INFORMATION SHOWN START
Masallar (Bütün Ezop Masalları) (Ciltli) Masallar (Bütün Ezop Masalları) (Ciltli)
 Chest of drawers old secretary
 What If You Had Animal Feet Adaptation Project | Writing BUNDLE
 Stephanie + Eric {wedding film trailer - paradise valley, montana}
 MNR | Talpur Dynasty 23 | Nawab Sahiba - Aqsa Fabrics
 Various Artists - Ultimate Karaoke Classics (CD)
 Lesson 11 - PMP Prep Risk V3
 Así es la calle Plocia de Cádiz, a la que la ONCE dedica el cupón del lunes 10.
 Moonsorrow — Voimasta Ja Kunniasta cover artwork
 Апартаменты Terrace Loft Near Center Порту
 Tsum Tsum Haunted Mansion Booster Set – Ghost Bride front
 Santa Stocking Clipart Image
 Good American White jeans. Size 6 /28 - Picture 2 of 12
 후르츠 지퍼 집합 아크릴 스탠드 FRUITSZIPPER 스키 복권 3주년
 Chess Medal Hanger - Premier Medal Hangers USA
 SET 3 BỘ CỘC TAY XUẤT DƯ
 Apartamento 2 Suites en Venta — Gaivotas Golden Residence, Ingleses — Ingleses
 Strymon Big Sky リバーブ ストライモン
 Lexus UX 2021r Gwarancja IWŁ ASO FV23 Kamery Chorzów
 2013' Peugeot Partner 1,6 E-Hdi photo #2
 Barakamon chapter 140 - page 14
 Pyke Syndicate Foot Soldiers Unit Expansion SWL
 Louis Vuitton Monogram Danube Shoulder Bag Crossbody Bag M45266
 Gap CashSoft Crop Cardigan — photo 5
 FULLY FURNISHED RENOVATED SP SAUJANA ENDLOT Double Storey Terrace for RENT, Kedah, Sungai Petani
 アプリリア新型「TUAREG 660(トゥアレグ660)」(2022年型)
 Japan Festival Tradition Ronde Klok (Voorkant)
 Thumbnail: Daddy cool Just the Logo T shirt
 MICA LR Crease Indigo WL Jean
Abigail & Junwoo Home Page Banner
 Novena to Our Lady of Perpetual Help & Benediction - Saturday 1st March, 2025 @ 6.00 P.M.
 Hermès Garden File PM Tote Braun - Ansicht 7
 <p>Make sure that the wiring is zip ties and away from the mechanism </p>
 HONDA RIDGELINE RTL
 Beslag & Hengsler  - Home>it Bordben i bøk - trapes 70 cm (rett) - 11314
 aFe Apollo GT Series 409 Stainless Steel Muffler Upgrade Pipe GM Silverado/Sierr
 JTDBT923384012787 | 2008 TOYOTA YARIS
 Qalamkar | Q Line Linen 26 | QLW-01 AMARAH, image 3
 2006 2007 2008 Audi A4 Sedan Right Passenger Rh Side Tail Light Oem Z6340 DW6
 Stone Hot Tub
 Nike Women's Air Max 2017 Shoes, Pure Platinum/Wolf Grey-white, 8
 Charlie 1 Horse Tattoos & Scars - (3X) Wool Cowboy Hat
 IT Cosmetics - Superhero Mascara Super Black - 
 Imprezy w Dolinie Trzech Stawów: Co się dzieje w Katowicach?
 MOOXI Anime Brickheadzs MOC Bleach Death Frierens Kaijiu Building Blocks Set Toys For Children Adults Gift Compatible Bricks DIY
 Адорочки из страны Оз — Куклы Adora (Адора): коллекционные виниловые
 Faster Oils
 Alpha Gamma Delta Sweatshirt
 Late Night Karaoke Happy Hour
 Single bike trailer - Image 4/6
INFORMATION SHOWN END
WHAT IS BEING ASKED: Find the word "photo" in the listing and copy each line that contains it.

FINISHED TASK:
 2013' Peugeot Partner 1,6 E-Hdi photo #2
 Gap CashSoft Crop Cardigan — photo 5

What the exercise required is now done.